Kendisinin de 1974-80 arası lise ve üniversite öğrencisiyken MTTB mensubu, 1985'ten bu yana da Birlik Vakfı müdavimi olduğunu belirten Tuna, 'bana 'hoş geldiniz' demeyin. Zira, yuvasına gelene hoş geldiniz denir mi hiç?' diye başladığı sözlerini, 'MTTB ruhu, Hoca Ahmet Yesevi ruhudur, Taptuk Emre, Yunus Emre, Hacı Bektaş, Hacı Bayram, Şeyh Edebali, Akşemseddin ruhudur. MTTB gençliği, Anadolu ve Rumeli'nin aziz bekçisi, ihya ve beka dinamizmidir. MTTB'li genç, 'kim var?' dendiğinde, sağına ve soluna bakmadan 'ben varım' diyecek, Anadolu'da bin yıldır, Rumeli'de altı yüz elli yıldır yaşayan medeniyetimizin dili Türkçeyi, bin yıldır daha yaşayacak ve yaşatacak gençtir. İçinde yetiştiğim MTTB gençliği, bu toprakların sesi sözü yüzüdür. Özüdür. Şiiri, öyküsü, romanı, denemesi, portresi kısacası edebiyatı olmayan bir medeniyetten söz edilemez. İşte biz, bu alanların hepsinde de söz sahibi bir milletiz.' dedi.

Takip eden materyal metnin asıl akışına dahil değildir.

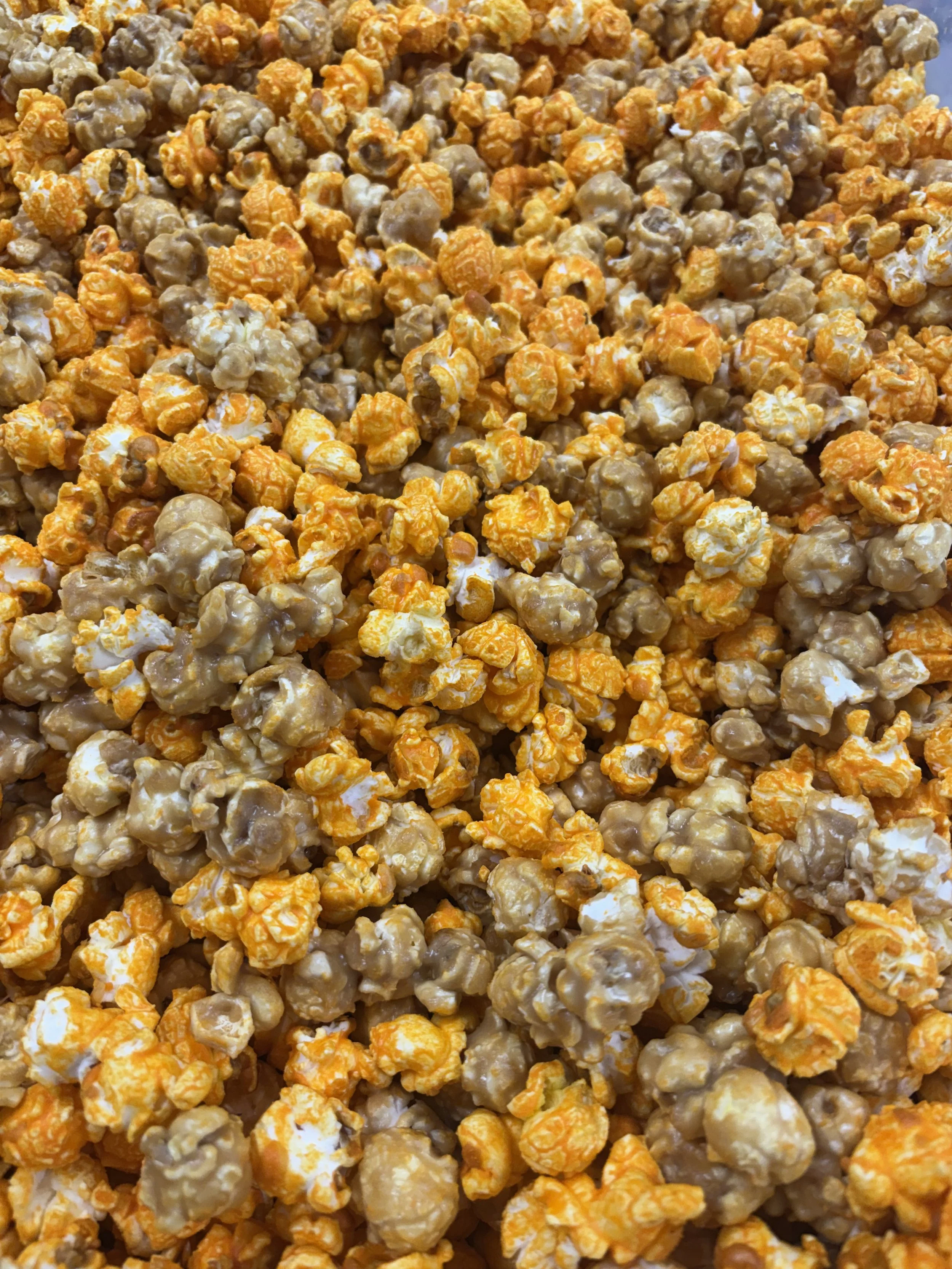 Caramel & Cheese Corn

'Birincil göreviniz Türkçeyi yaşatmak'
"Müslüman Türk genci olarak sizin birincil göreviniz, Türkçeyi yaşamak ve yaşatmaktır' diyen Tuna, fotoğraflar eşliğinde 1970-80 arası MTTB Sakarya Teşkilatı ileri gelenleri tek tek tanıttı. Sakarya Teşkilatı öncülerinden merhum Numan Yazıcı, Ahmet Arıca, Yusuf Aydın, Selahaddin Şimşek, Yılmaz Güney'in ruhlarına Fatiha okuyan ve okutan Yazar Tuna, milli bir gençliğin mayalanmasında, rahmetli olan bu değerli isimlerin yanısıra, dönemin MTTB ileri gelenlerinden Sami Güçlü, Cevat Sarıgüzel, Mustafa Tekelli, Alaaddin Yılmaz, İbrahim Ertiryaki, Suat Ateş, Şinasi Arabacı, Hayri Adalı gibi birçok değerli ismin büyük emek ve katkılarından söz etti.
Kırk kadar gencin izlediği ve yaklaşık iki saat süren söyleşinin sonunda Tuna, kendisine yöneltilen soruları cevaplandırdı.